**Goal of the exercise**. Each line from the one holding "OCEANVIEW PARK CONDO - Residential" through the end of the records should be returned exactly, while pictures are skipped.

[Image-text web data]
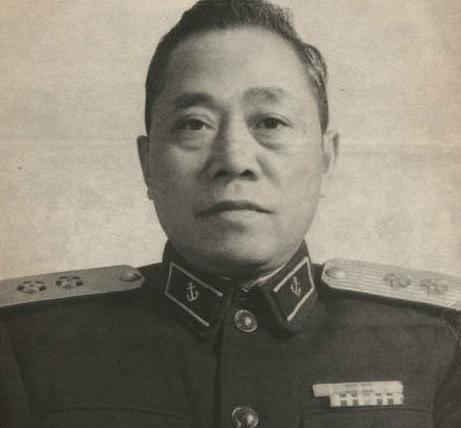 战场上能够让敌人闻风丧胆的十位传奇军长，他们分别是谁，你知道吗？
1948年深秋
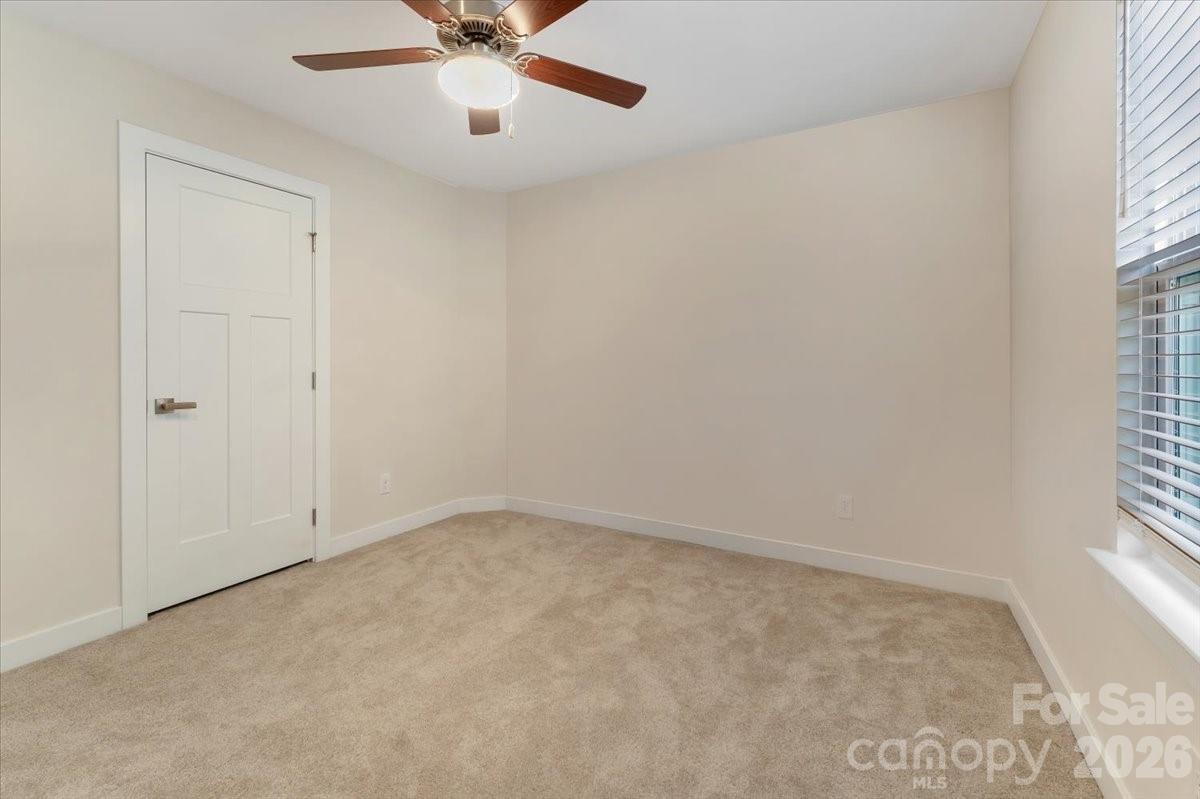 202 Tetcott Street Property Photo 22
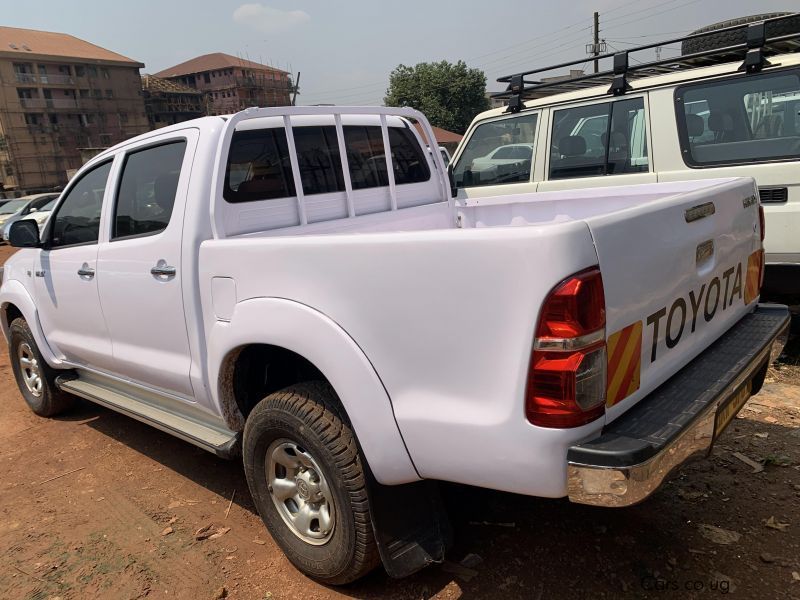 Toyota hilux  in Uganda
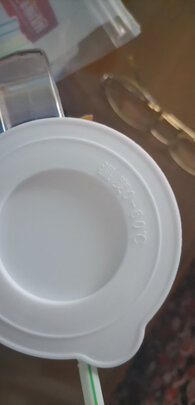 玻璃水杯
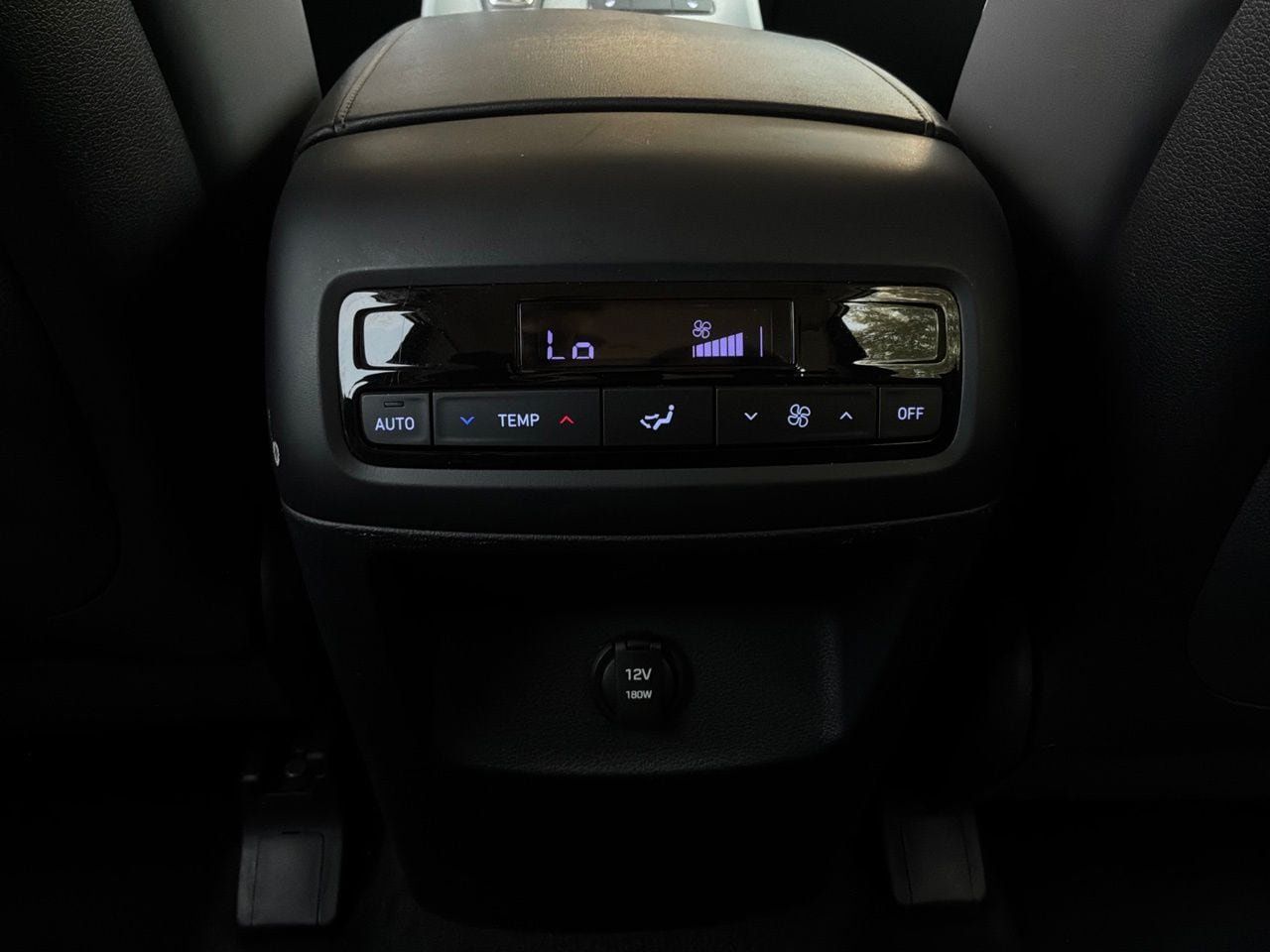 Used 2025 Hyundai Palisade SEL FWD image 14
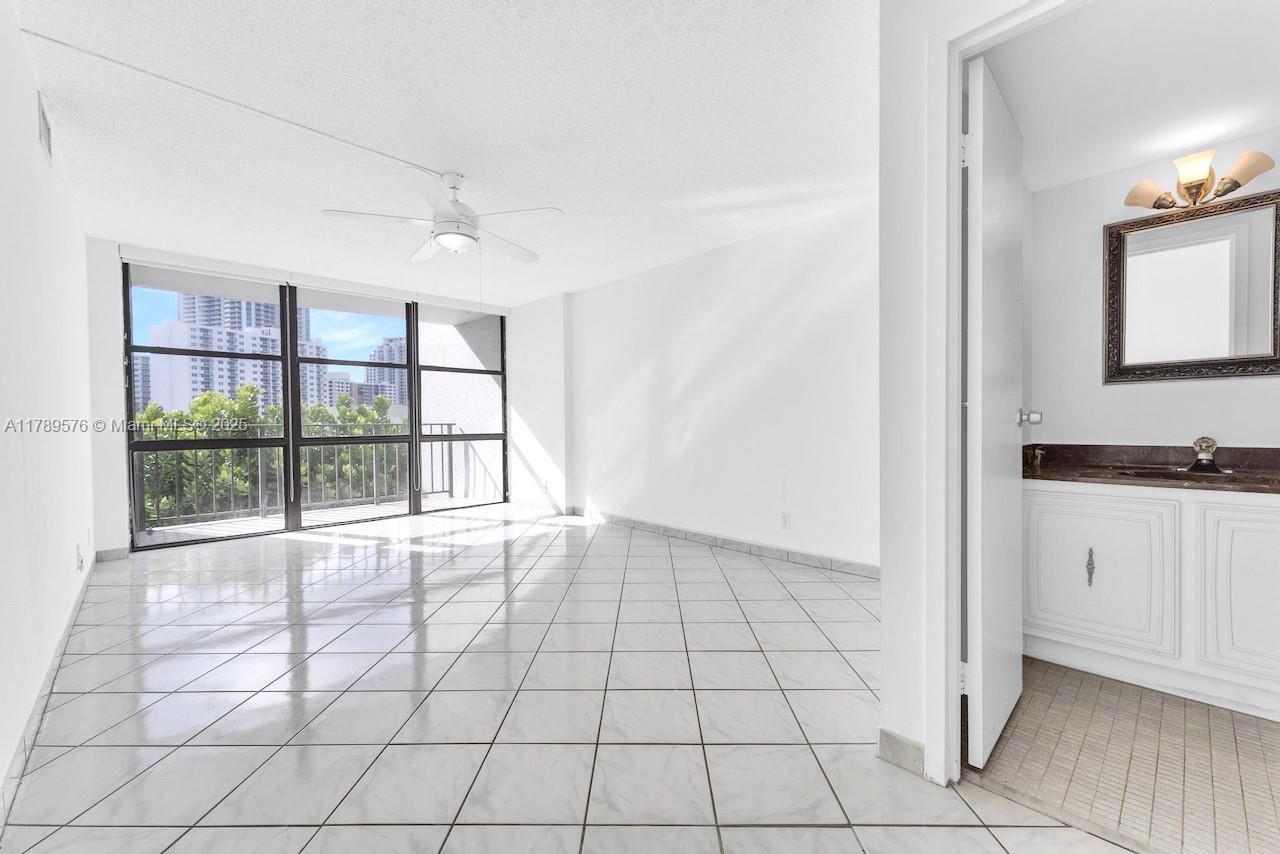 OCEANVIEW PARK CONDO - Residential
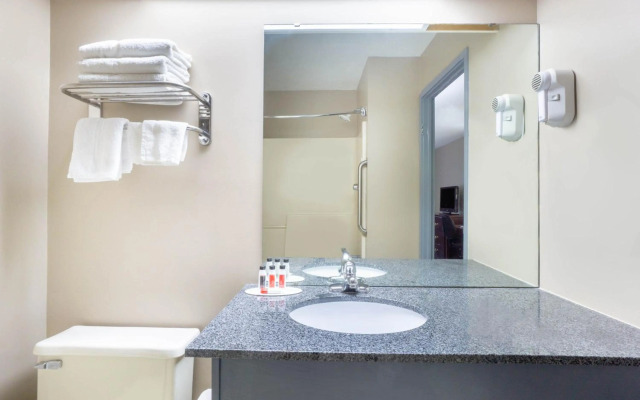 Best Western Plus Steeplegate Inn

**Your response**.
 OCEANVIEW PARK CONDO - Residential
 Best Western Plus Steeplegate Inn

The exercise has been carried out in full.